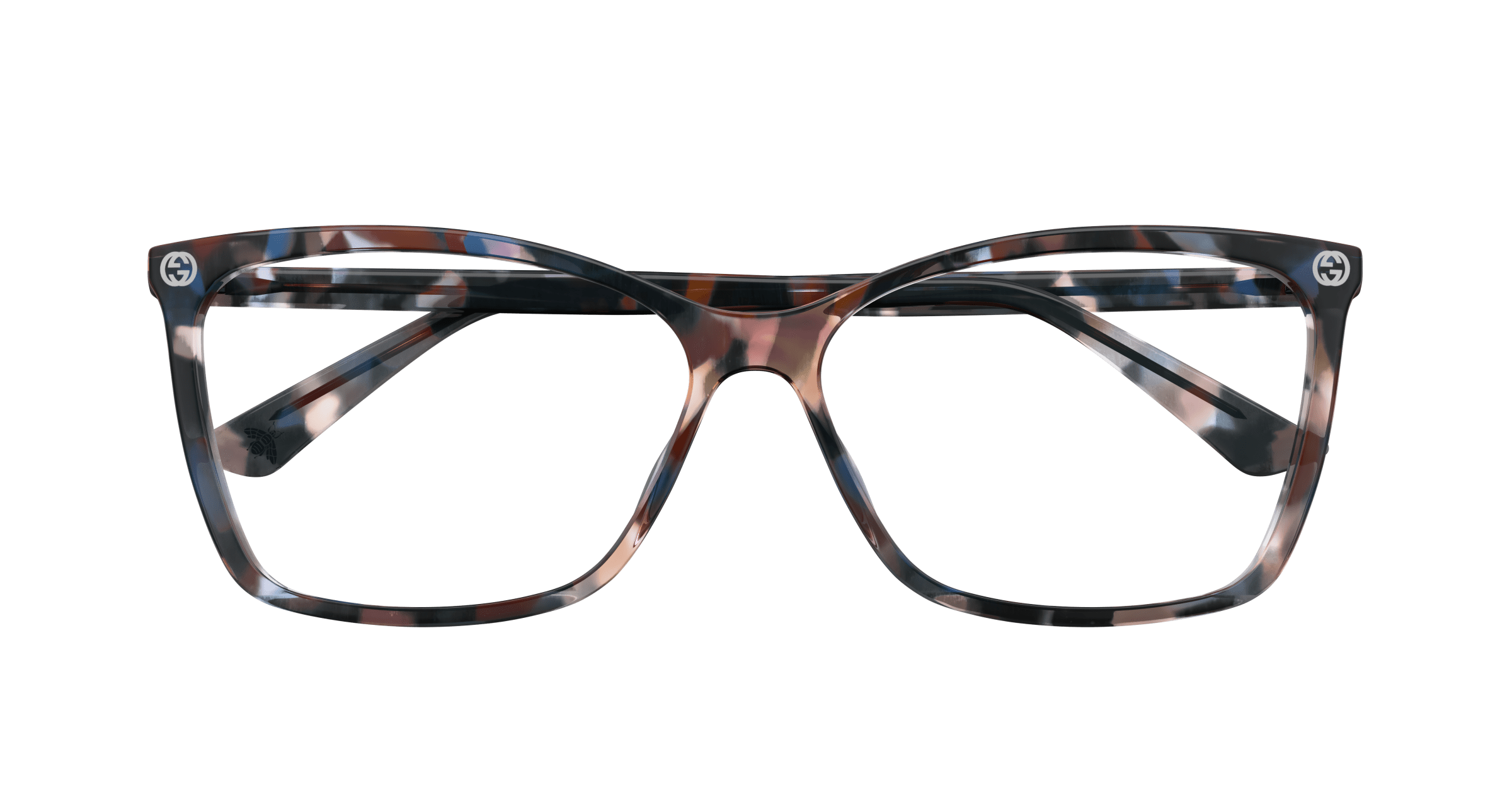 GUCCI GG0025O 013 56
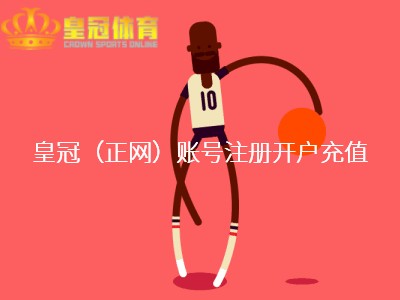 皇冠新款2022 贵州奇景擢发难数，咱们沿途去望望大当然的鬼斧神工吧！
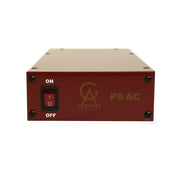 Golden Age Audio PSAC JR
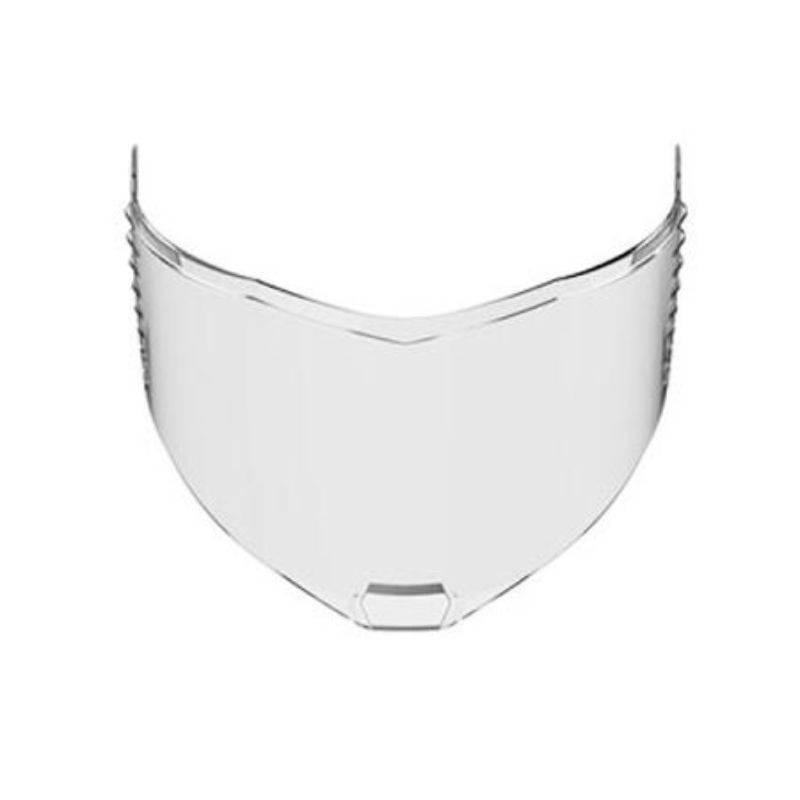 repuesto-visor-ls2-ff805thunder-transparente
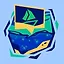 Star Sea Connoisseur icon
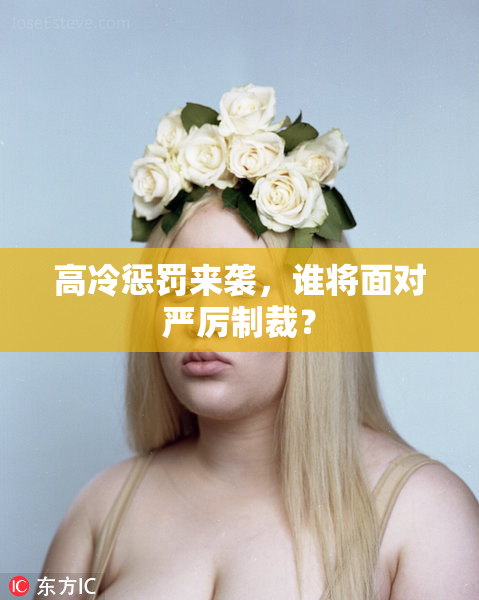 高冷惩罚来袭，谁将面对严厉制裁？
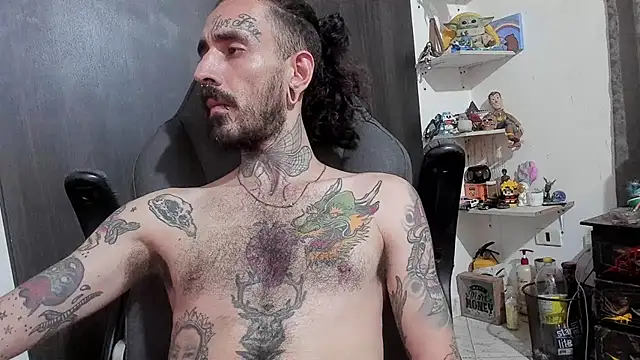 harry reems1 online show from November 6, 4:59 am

━━━━━━━━

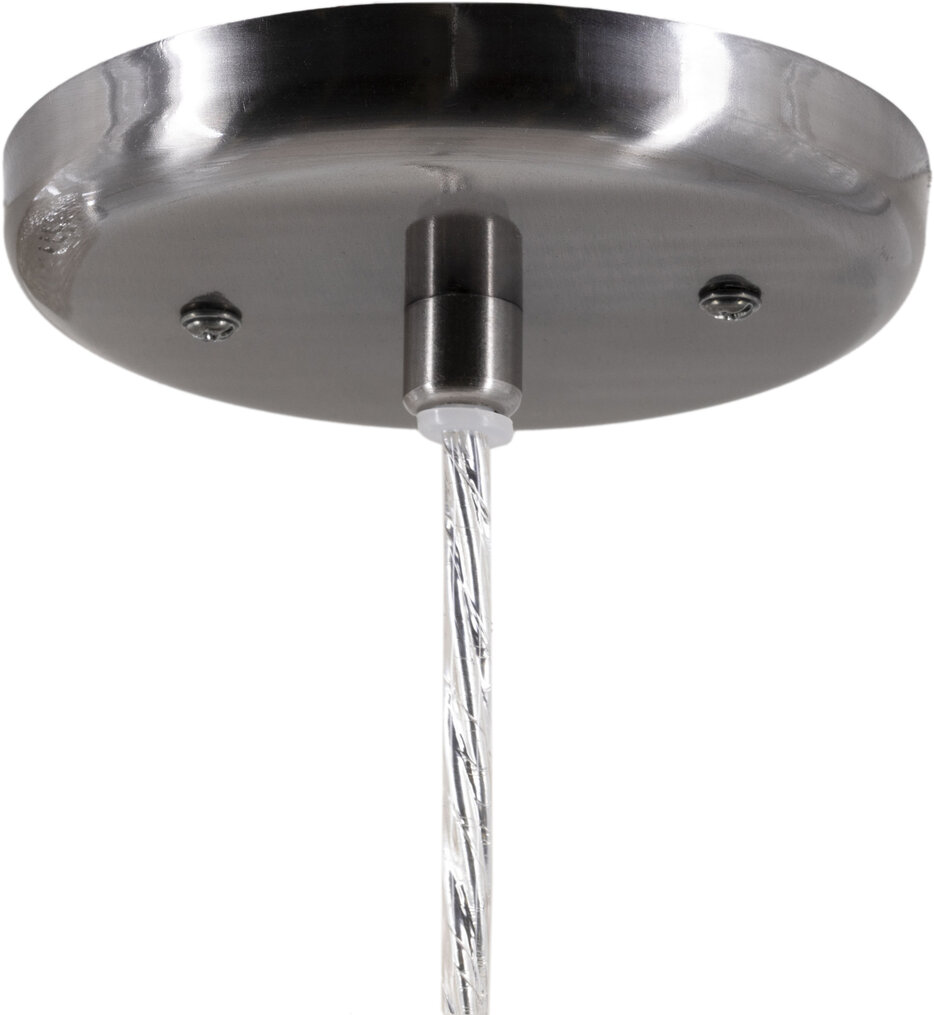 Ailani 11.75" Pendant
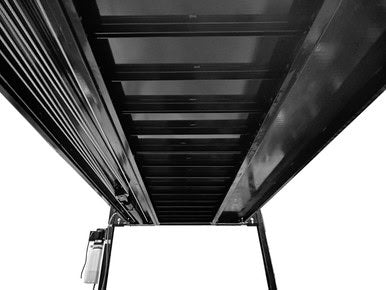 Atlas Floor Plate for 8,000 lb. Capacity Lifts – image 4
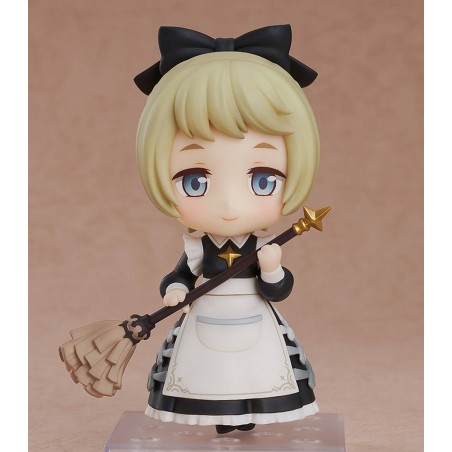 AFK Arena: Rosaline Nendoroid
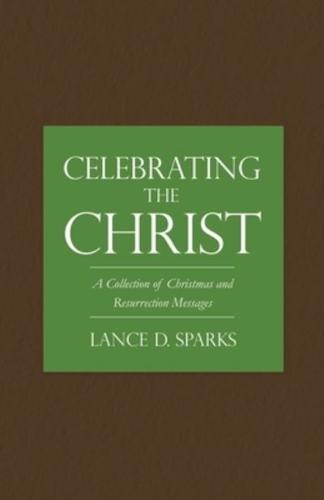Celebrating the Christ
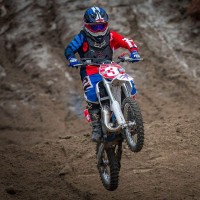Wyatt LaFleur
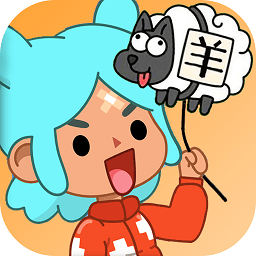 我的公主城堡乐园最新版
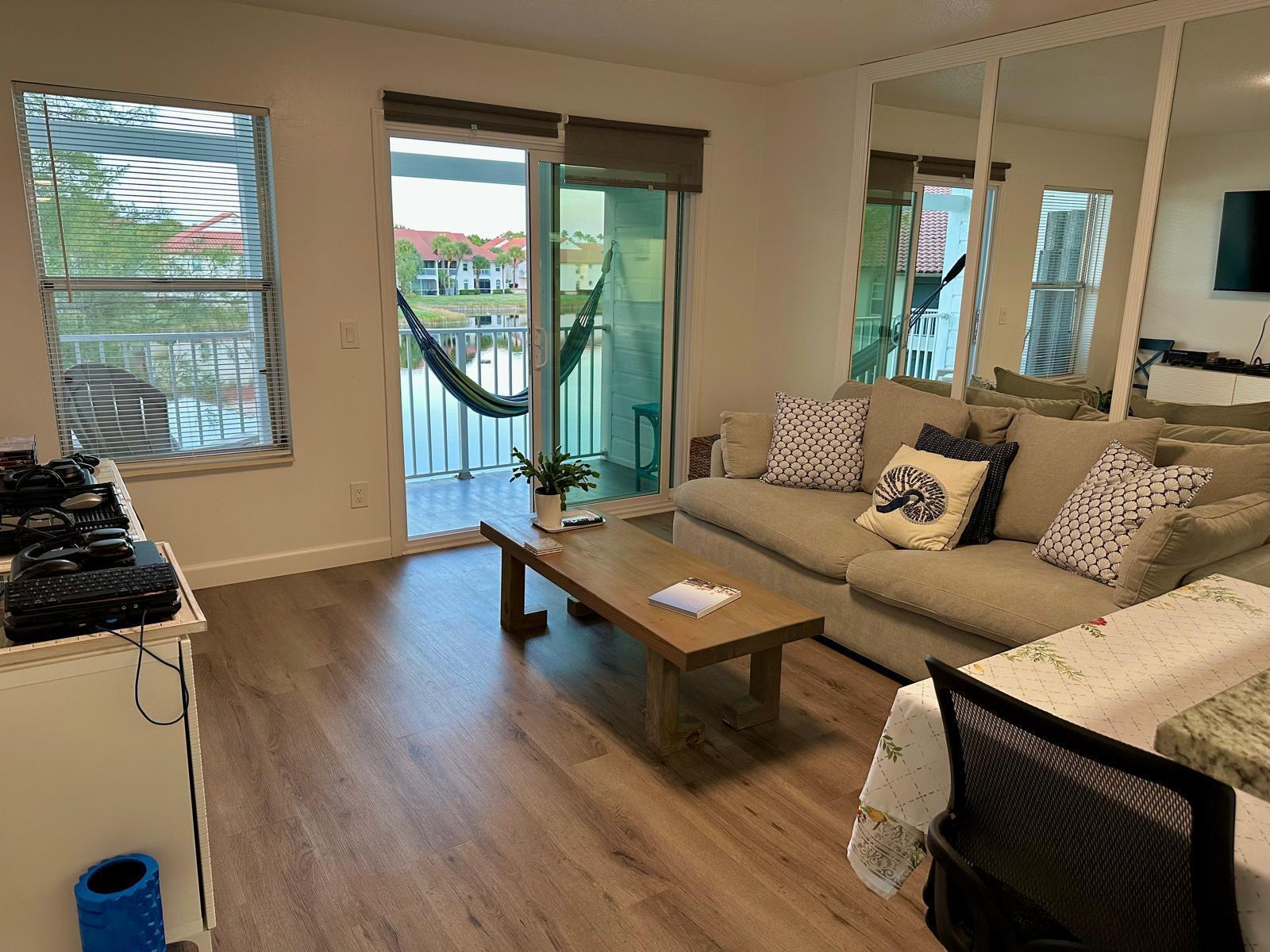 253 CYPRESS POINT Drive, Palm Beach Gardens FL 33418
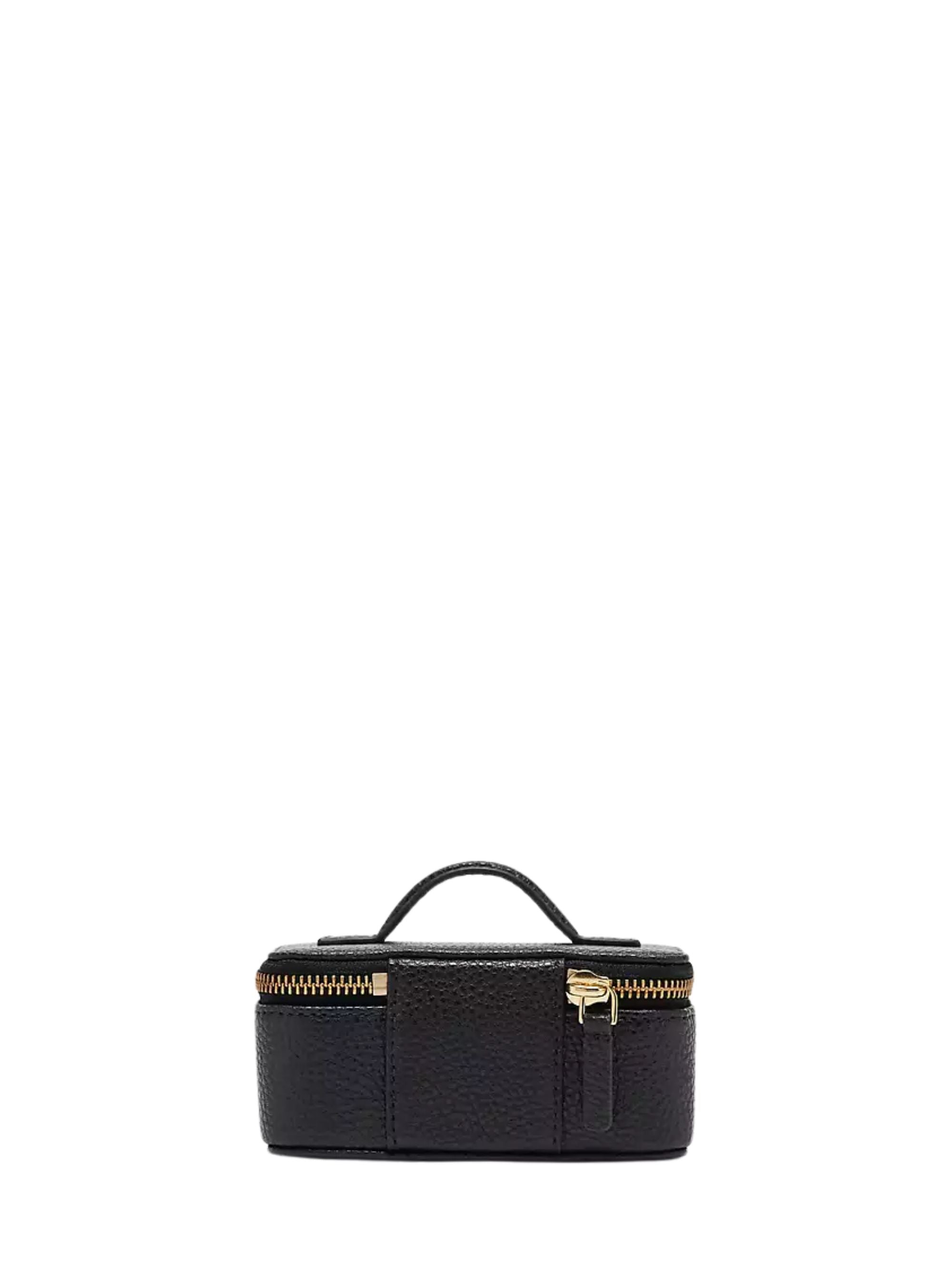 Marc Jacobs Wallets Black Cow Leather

━━━━━━━━

**Activity:**
Nothing but the lines above, starting at the line that contains "Golden Age Audio PSAC JR" and ending at the line that contains "harry reems1 online", should be given again, exactly and without the pictures.

**Solved exercise:**
 Golden Age Audio PSAC JR
 repuesto-visor-ls2-ff805thunder-transparente
 Star Sea Connoisseur icon
 高冷惩罚来袭，谁将面对严厉制裁？
 harry reems1 online show from November 6, 4:59 am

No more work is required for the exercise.